Optional "Via" tagging/tunnelling method for TRRP

Basic TRRP encapsulates packets in a GRE tunnel. This is widely supported in existing software, but it consumes an additional 28 bytes of space in the packet, breaks normal ICMP functionality and causes trouble for packet filtering firewalls.

The Via method solves these problems. The Via ITR tags the packet with an IP option header instead of encapsulating it in a tunnelling protocol. The Via options header functions much like loose source routing.

IPv4 version:

DNS Route Specifier:

TRRP specifies routes via DNS TXT records in the format "pp,ii,route pp,ii,route ..." where pp is a hexadecimal priority, ii is a protocol Identifier and route is the egress information needed by the Identifier.

Identifier: v4 = Via for IPv4.

Route: The "route" parameter offers the IP address of the router the packet should hit before being sent to the destination address. 

Example:

The ITR makes a DNS TXT request for 1.101.168.192.v4.trrp.arpa. It receives one TXT record in response:

80,v4,10.0.0.1 90,g4,1.2.3.4

The best priority route uses the IPv4 "Via" protocol to route the packet first to 10.0.0.1 before releasing it to the address in the header's destination field.

IP option 30:

Regular IP header:

+ Bits 0-3 4-7 8-15 16-18 19-31
0 Version=4 Header length Type of Service Total Length
32 Identification Flags Fragment Offset
64 Time to Live Protocol Header Checksum
96 Source Address
128 Destination Address
160 Options
160 or
192+
 Data 

IP header with Option 30:
Note that the use of the option number "30"  is purloined and must be replaced by an IANA assigned number before this protocol sees production use.

+ Bits 0-3 4-7 8-15 16-18 19-31
0 Version=4 Header length Type of Service Total Length
32 Identification Flags Fragment Offset
64 Time to Live Protocol Header Checksum
96 Source Address
128 Egress Tagging Router (ETR) Address
160 IP Option Type = 0x9e Option Length reserved (zero)
192 Destination Address
224 Zero or more "been there" ETR addresses
224 or
256+
More Options
224 or
256+
Data

Type. 8 bits. Set to 0x9e.

00 01 02 03 04 05 06 07
C Class Option

C, Copy flag. 1 bit. Set to 1 (0x80)
Indicates that this option should be copied into all fragments.

Class. 2 bits. Set to 0 (0x00)
This is a control option.

Option. 5 bits. Set to 30 (0x1e).
The IP option number.

Length: 8 bits. 6+(n*4) where n is the number of "been there" addresses.

How to Route a packet with the Via option:

The Ingress Tagging Router (ITR) for this packet will add an 8-byte option header at byte 21, immediately after the normal IP destination address. Any other option headers must be pushed back, truncated and/or discarded to accommodate this option.

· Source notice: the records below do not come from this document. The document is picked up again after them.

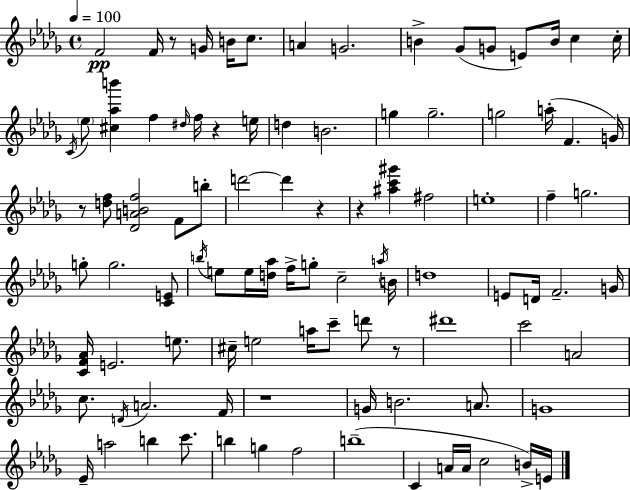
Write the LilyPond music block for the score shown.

{
  \clef treble
  \time 4/4
  \defaultTimeSignature
  \key bes \minor
  \tempo 4 = 100
  f'2\pp f'16 r8 g'16 b'16 c''8. | a'4 g'2. | b'4-> ges'8( g'8 e'8) b'16 c''4 c''16-. | \acciaccatura { c'16 } \parenthesize ees''8 <cis'' aes'' b'''>4 f''4 \grace { dis''16 } f''16 r4 | \break e''16 d''4 b'2. | g''4 g''2.-- | g''2 a''16-.( f'4. | g'16) r8 <d'' f''>8 <des' a' b' f''>2 f'8 | \break b''8-. d'''2~~ d'''4 r4 | r4 <ais'' c''' gis'''>4 fis''2 | e''1-. | f''4-- g''2. | \break g''8-. g''2. | <c' e'>8 \acciaccatura { b''16 } e''8 e''16 <d'' aes''>16 f''16-> g''8-. c''2-- | \acciaccatura { a''16 } b'16 d''1 | e'8 d'16 f'2.-- | \break g'16 <c' f' aes'>16 e'2. | e''8. cis''16-- e''2 a''16 c'''8-- | d'''8 r8 dis'''1 | c'''2 a'2 | \break c''8. \acciaccatura { d'16 } a'2. | f'16 r1 | g'16 b'2. | a'8. g'1 | \break ees'16-- a''2 b''4 | c'''8. b''4 g''4 f''2 | b''1--( | c'4 a'16 a'16 c''2 | \break b'16->) e'16 \bar "|."
}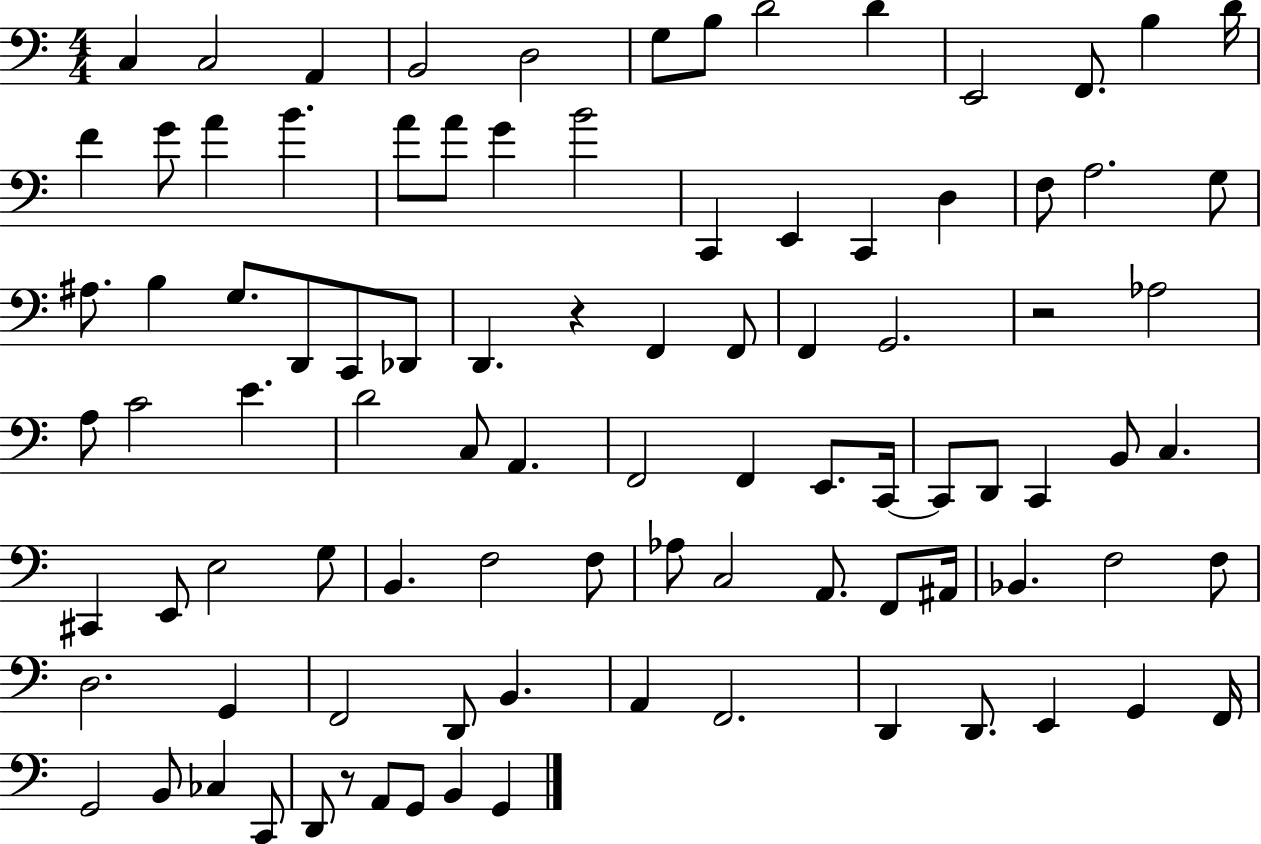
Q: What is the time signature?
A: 4/4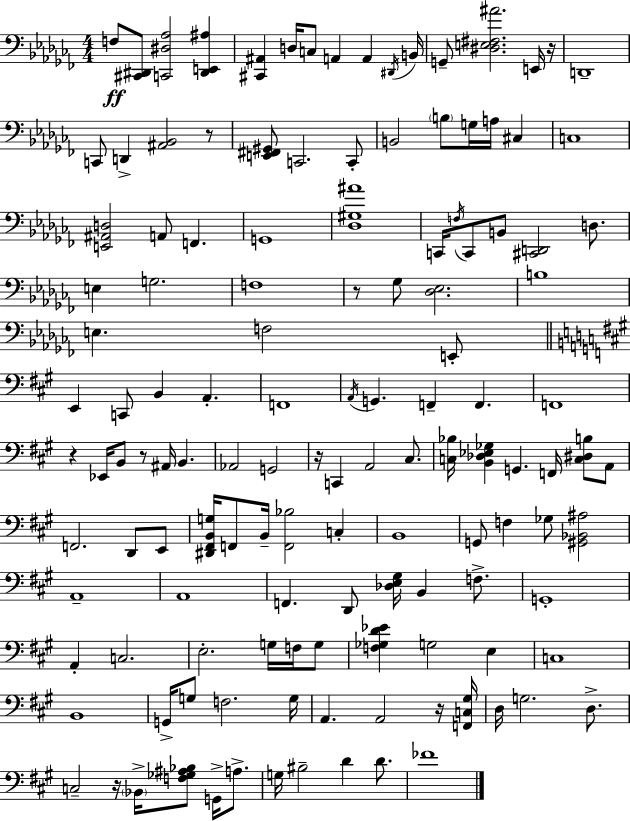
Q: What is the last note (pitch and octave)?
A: FES4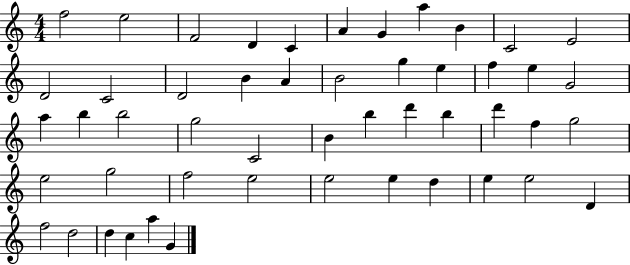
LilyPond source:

{
  \clef treble
  \numericTimeSignature
  \time 4/4
  \key c \major
  f''2 e''2 | f'2 d'4 c'4 | a'4 g'4 a''4 b'4 | c'2 e'2 | \break d'2 c'2 | d'2 b'4 a'4 | b'2 g''4 e''4 | f''4 e''4 g'2 | \break a''4 b''4 b''2 | g''2 c'2 | b'4 b''4 d'''4 b''4 | d'''4 f''4 g''2 | \break e''2 g''2 | f''2 e''2 | e''2 e''4 d''4 | e''4 e''2 d'4 | \break f''2 d''2 | d''4 c''4 a''4 g'4 | \bar "|."
}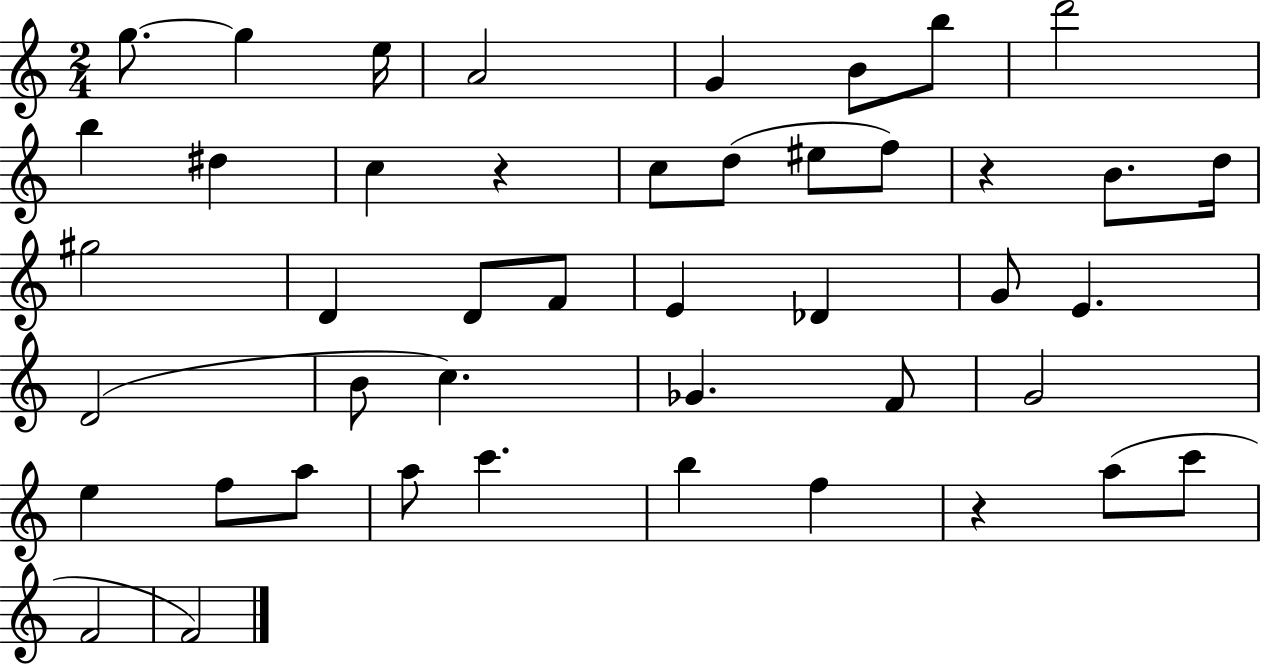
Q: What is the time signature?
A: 2/4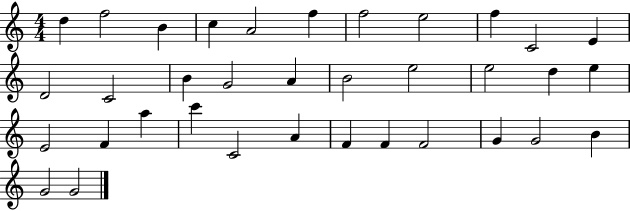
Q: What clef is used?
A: treble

Once tagged with a Via option header, the packet will be routed normally to the ETR. The option will be ignored by all routers until the packet reaches the ETR. The address block containing the ETR is part of the "globally routable" space and has already been propagated by BGP.

Once the packet reaches the ETR, the ETR should determine whether it has a local route to the destination IP address. If there is a local route, The ETR should strip the VIA option header, return the final destination address to the destination portion of the IP header and deliver the packet per the normal IPv4 routes offered via a normal interior routing protocol.

If the ETR is configured to be a valid exit for the destination address but it does not currently have a route then the ETR must add its own IP address to the end of the "been there" list and reroute the packet to the next best preference ETR. The ETR will act as a normal ITR in selecting this new address and must not select an ETR which already appears in the "been there" list. If there is no more room for "been there" addresses in the IP header then the packet should be discarded and a host unreachable sent per normal rules.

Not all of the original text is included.